A elevação desproporcional nos valores dos combustíveis, praticada pelas distribuidoras – com registros de gasolina a R$ 9 o litro em postos de São Paulo –, não é atribuída unicamente à volatilidade do mercado global, segundo análises de especialistas e associações do setor petrolífero.

A venda da BR Distribuidora, na visão de analistas consultados pela Agência Brasil, suprimiu a capacidade de controle estratégico do Estado sobre o fluxo de suprimentos, expondo o mercado a aumentos excessivos que desconsideram os preços de origem nas refinarias.
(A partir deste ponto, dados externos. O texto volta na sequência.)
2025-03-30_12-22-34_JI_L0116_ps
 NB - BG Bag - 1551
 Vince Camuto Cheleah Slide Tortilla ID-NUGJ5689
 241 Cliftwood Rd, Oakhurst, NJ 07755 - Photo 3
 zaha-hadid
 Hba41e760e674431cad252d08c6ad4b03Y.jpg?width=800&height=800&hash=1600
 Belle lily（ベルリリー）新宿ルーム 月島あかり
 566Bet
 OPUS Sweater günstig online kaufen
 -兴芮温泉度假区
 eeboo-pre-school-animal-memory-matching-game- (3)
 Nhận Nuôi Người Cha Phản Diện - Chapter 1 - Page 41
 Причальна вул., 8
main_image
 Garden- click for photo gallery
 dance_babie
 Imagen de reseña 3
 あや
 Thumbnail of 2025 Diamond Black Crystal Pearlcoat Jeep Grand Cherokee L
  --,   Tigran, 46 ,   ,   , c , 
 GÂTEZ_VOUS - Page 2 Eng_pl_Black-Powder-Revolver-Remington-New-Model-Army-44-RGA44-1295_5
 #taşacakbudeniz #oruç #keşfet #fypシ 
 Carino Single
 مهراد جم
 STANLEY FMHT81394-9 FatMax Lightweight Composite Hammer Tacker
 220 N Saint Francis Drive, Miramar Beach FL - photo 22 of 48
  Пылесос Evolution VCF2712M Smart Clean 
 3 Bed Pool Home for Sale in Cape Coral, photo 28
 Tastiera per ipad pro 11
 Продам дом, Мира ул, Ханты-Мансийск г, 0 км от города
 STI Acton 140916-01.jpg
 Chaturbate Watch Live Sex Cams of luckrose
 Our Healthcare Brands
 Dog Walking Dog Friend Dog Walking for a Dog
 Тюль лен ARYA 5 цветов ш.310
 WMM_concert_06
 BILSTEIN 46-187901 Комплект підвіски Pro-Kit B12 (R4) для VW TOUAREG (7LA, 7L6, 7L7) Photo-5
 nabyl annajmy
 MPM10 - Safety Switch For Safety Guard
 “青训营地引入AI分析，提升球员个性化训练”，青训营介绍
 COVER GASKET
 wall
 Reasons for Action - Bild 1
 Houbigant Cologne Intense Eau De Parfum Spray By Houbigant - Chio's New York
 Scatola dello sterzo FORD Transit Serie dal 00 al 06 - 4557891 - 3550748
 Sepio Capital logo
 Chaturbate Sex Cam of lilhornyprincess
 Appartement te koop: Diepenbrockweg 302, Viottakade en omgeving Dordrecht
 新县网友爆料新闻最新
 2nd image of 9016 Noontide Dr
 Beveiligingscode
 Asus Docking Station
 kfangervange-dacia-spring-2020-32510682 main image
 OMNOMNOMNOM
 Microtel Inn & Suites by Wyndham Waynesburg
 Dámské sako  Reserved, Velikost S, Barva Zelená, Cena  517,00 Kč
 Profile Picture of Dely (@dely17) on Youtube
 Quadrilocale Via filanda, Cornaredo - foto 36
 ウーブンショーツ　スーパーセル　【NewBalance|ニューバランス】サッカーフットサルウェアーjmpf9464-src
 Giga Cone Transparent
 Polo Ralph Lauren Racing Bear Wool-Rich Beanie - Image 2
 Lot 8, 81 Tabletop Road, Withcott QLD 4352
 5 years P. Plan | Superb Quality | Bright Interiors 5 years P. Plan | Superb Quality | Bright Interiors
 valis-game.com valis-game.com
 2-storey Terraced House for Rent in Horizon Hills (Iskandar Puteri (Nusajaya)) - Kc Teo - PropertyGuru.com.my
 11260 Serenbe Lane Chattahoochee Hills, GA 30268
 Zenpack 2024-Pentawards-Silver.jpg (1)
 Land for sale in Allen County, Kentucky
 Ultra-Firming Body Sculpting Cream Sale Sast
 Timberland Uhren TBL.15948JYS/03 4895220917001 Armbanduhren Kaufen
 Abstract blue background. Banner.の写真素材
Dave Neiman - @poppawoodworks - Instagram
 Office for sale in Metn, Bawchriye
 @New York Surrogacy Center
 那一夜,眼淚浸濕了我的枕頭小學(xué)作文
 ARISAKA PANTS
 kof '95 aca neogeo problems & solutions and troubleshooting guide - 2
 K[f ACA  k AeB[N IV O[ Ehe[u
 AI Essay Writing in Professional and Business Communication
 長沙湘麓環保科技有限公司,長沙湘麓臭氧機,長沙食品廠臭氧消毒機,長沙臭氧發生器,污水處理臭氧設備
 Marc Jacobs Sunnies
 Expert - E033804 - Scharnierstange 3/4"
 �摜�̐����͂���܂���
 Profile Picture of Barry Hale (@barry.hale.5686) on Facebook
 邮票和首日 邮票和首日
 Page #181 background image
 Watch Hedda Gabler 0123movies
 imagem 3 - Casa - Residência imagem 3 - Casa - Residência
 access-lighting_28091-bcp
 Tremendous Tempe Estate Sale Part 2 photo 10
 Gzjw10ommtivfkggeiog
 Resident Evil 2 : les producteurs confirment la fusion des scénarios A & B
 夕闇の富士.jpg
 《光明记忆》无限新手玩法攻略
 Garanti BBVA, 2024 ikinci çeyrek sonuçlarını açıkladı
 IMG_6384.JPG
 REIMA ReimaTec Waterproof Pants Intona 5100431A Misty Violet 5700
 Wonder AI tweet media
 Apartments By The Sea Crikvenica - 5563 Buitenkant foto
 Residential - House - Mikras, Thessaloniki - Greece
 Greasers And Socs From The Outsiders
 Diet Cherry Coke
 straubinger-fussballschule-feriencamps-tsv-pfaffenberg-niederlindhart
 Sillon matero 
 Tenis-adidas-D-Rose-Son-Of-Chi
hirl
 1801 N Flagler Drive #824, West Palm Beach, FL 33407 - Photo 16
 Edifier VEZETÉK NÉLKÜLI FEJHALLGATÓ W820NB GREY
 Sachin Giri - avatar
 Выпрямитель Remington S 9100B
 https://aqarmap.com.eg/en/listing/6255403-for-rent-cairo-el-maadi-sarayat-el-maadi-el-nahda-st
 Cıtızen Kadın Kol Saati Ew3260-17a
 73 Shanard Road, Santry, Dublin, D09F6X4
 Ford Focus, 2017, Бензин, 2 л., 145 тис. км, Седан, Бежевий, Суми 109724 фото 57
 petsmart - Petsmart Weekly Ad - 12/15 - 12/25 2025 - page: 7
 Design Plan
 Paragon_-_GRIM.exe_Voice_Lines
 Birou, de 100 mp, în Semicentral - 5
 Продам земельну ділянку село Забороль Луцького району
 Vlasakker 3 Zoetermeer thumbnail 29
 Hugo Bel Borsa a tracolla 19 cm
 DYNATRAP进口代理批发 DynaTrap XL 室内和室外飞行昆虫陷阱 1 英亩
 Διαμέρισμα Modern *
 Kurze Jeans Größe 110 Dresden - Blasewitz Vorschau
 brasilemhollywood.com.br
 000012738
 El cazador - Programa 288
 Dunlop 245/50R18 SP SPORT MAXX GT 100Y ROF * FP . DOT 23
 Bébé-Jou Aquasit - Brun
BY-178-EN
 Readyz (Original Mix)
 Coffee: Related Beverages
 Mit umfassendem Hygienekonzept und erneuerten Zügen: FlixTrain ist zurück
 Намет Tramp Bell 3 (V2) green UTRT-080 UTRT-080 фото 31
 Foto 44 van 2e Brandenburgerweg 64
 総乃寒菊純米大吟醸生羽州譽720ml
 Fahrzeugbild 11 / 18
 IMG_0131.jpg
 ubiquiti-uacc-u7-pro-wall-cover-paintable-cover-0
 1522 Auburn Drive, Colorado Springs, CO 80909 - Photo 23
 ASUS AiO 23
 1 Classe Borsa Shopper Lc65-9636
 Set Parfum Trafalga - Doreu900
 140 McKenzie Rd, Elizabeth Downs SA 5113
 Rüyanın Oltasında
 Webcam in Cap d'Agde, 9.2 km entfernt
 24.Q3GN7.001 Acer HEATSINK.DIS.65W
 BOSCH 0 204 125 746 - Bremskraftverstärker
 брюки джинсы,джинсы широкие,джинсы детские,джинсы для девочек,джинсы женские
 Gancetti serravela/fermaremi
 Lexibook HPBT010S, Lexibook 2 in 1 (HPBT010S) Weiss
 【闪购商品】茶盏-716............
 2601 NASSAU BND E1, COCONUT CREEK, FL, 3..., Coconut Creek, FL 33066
A desverticalização, que antes ligava "do poço ao posto", privou o Brasil de um instrumento institucional crucial para conter a especulação em períodos de instabilidade.

A diretora técnica do Instituto de Estudos Estratégicos de Petróleo, Gás Natural e Biocombustíveis (Ineep), Ticiana Alvares, foi quem primeiro chamou atenção para a comercialização de gasolina a R$ 9, mesmo sem elevações correspondentes nas refinarias. Conforme comunicado da Federação Única dos Petroleiros (FUP), postos paulistas estão aplicando reajustes desproporcionais, sem que a Petrobras tenha aumentado seus preços.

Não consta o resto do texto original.